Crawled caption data
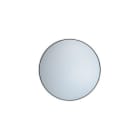 FEILO SYLVANIA - GIOTTO 305 3000K PLAFONE DIM 1-10V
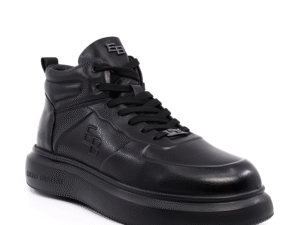 sneakers-high-top-barba-i-enzo-bertini-negri-din-piele-naturala-386ebg545n-396311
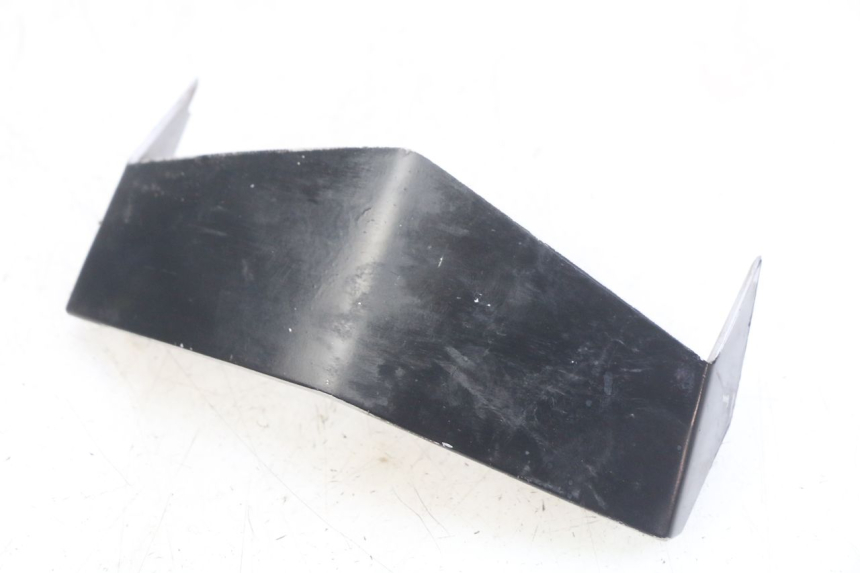 photo de GIUNZIONE CARENA ANTERIORE SUP PEUGEOT VIVACITY NEW 2T 50 (2008 - 2017)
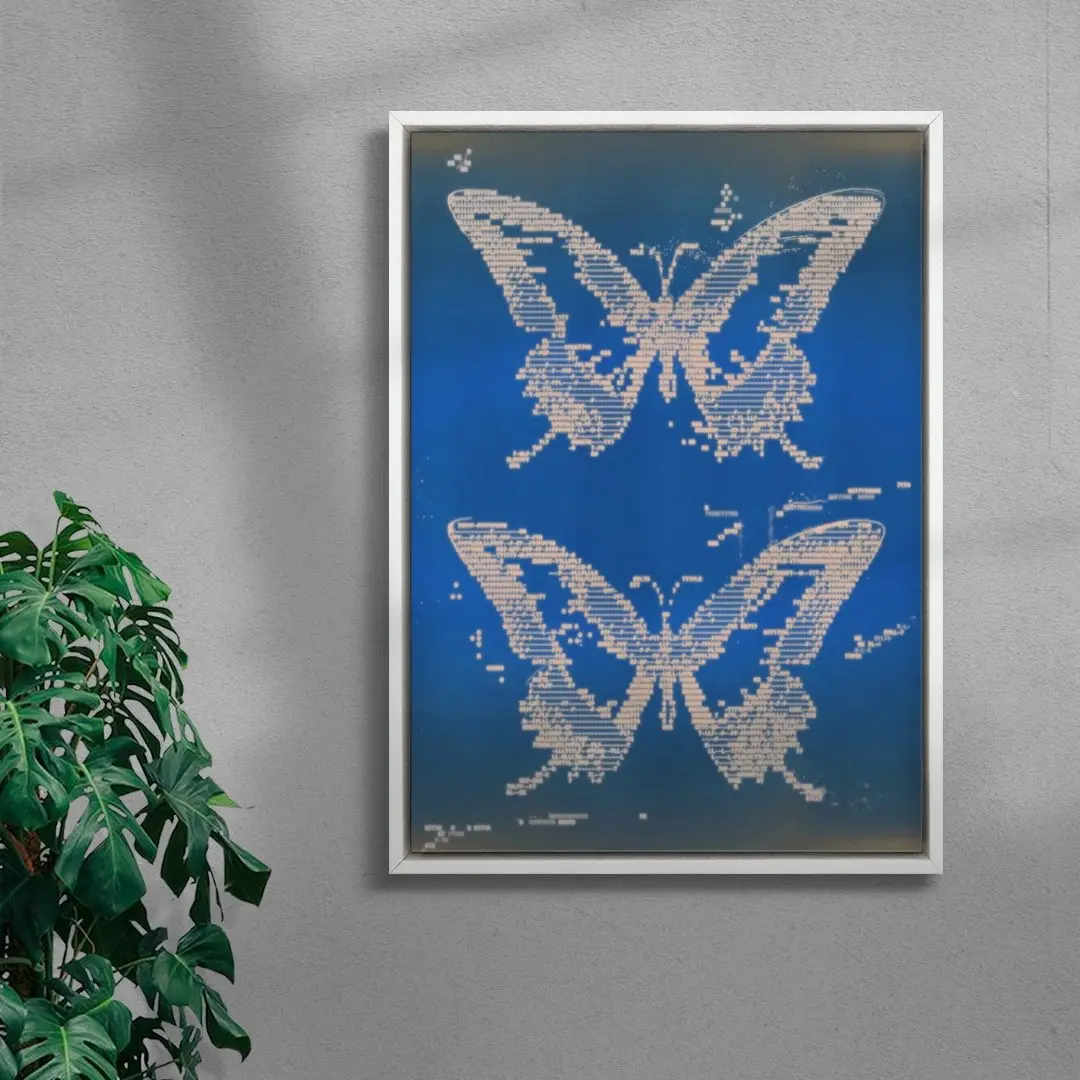 Flutter - Image 5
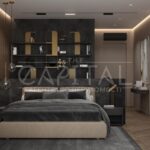Продаж будинку 375м², 25 соток, Лютеж | 8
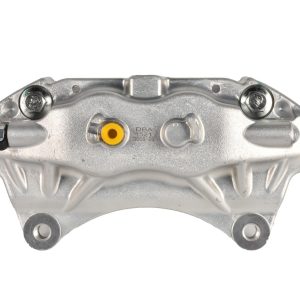 DBAC1521_B.jpg DBA Right Front Brake Caliper for Subaru Impreza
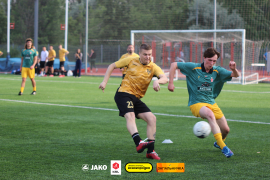 <a href="https://st.getinfootball.com/albums/1095692/68640f5060607_1920.jpg" target="_blank">Завантажити оригінал</a>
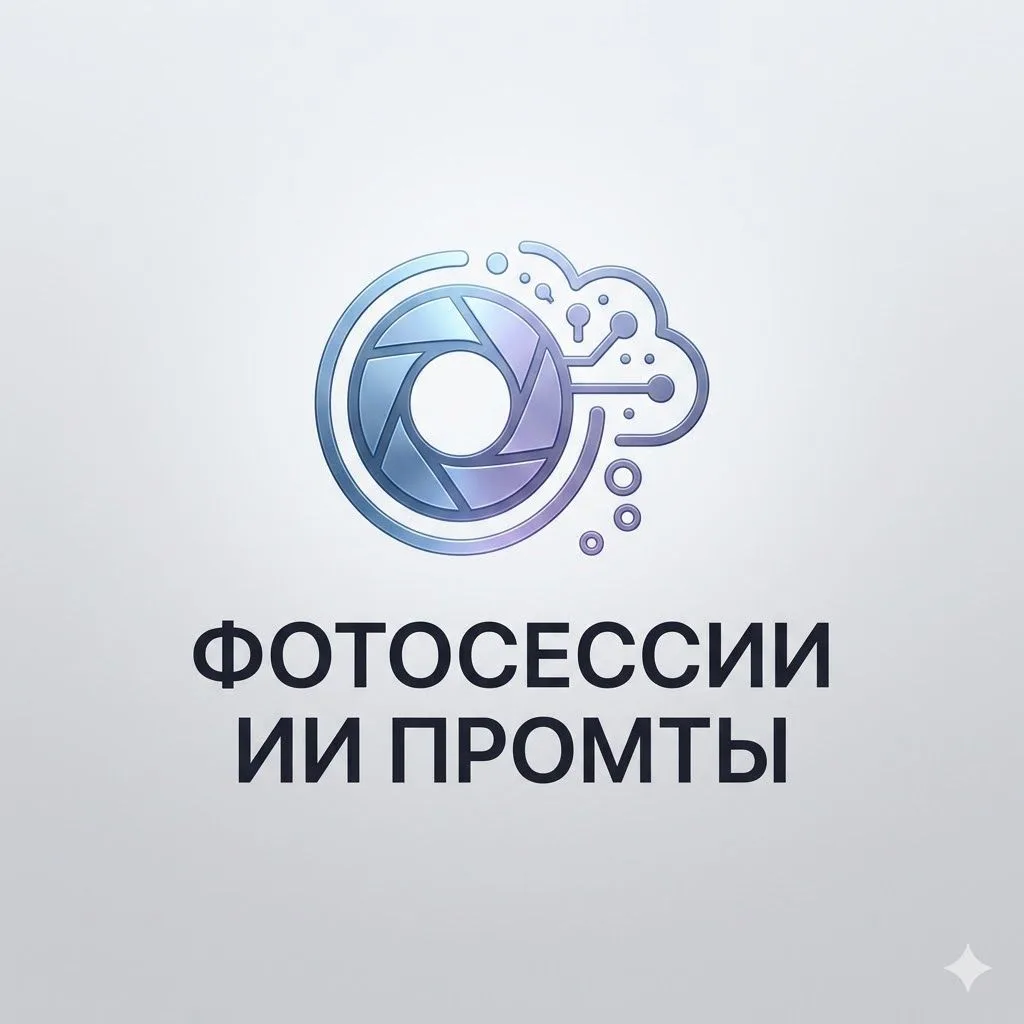 ИИ ОЖИВИТЬ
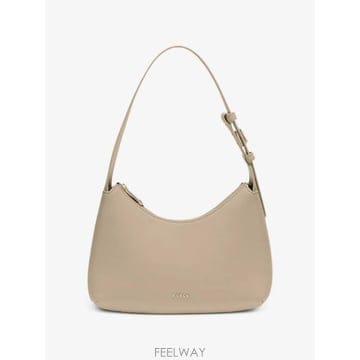 Furla 26 FW �Ƕ� ��� ���� ���� ��� �� WB01300BX3104 TP45491323426 FW �Ƕ� ��� ���� ���� ��� �� WB01300BX3104 TP4549
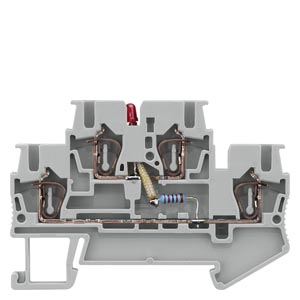 Siemens 8WH2020-5JF80 Pic_2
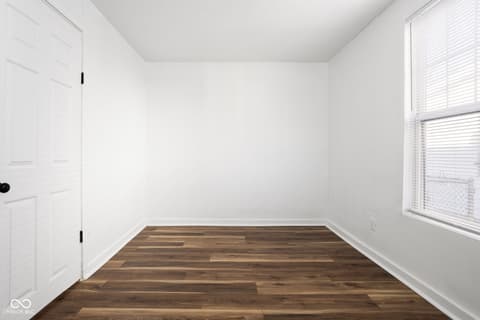 Photo of 4018 Boulevard Place, Indianapolis, IN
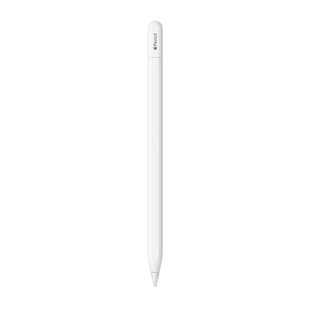 Стилус Apple Pencil USB-C (MUWA3)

■ **Problem statement**
If the records contain pictures, skip them, and transcribe exactly every line from the one with "Продаж будинку 375м², 25 соток, Лютеж | 8" through the last line.

■ **Solution to this problem**
Продаж будинку 375м², 25 соток, Лютеж | 8
 DBAC1521_B.jpg DBA Right Front Brake Caliper for Subaru Impreza
 <a href="https://st.getinfootball.com/albums/1095692/68640f5060607_1920.jpg" target="_blank">Завантажити оригінал</a>
 ИИ ОЖИВИТЬ
 Furla 26 FW �Ƕ� ��� ���� ���� ��� �� WB01300BX3104 TP45491323426 FW �Ƕ� ��� ���� ���� ��� �� WB01300BX3104 TP4549
 Siemens 8WH2020-5JF80 Pic_2
 Photo of 4018 Boulevard Place, Indianapolis, IN
 Стилус Apple Pencil USB-C (MUWA3)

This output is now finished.